Oil prices gained yesterday after OPEC decided to cut output by a greater-than-expected 1.2 million barrels a day to reverse a three-month price slide. Some mem-bers indicated the cartel was open to further reductions.
Light, sweet crude for delivery next month rose US$0.40 to US$58.90 a barrel in Asian electronic trading on the New York Mercantile Exchange.
The futures contract, which was to expire yesterday, rose US$0.85 to settle at US$58.50 a barrel on Thursday.
The contract for December, which moves to the front month from Monday, was up US$0.31 at US$60.81 a barrel after touching a high of US$61.34.
December Brent crude on London's ICE Futures exchange rose US$0.33 to US$61.20 a barrel.
Unexpected
The cut, which is slightly above the market's predictions, will take effect on Nov. 1, just as global oil demand will begin to rise on the back of the Northern Hemisphere winter.
"This was a surprise, and gave the market an impression they are serious," said Ken Hasegawa, a broker at Himawari CX in Tokyo.
The move yesterday by OPEC countries follows a more than 25 percent decline in oil prices since a mid-July peak of above US$78 a barrel and would be the first cut since December 2004, when oil traded slightly above US$40 a barrel.
United Arab Emirates Oil Minister Mohammed bin Dhaen al-Hamili made the announcement at a news conference after OPEC's oil ministers held an emergency meeting in Doha.
Al-Hamili did not specify the amount of production that each member country would cut, but said the reductions will affect all countries except Iraq.
The cuts will come from actual production levels, he said, and are more than the 1 million barrels a day being called for earlier by cartel members.
OPEC is currently producing about 29.5 million barrels of oil per day.
Limited impact
Some analysts said the cut would have limited impact on global energy supplies, which have been rising.
"Crude oil inventories in the OECD [Organization for Economic Cooperation and Development] countries are at their highest levels for the last five years.
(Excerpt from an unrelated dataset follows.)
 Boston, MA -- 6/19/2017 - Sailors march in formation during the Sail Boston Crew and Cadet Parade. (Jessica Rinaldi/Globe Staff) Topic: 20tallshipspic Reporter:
If OPEC continues to cut production for three months, for example, there won't be much impact," said Tetsu Emori, chief commodities strategist at Mitsui Bussan Futures in Tokyo.
Oil prices have slumped since July due to rising inventories, a weaker-than-anticipated hurricane season and expectations for slower global growth.
In other Nymex prices, heating oil rose US$0.35 to US$1.7236 a gallon (3.8 liters), while gasoline gained US$0.126 to US$1.502 a gallon. Natural gas fell US$0.029 to US$7.103 per 1,000 cubic feet (28.3m3).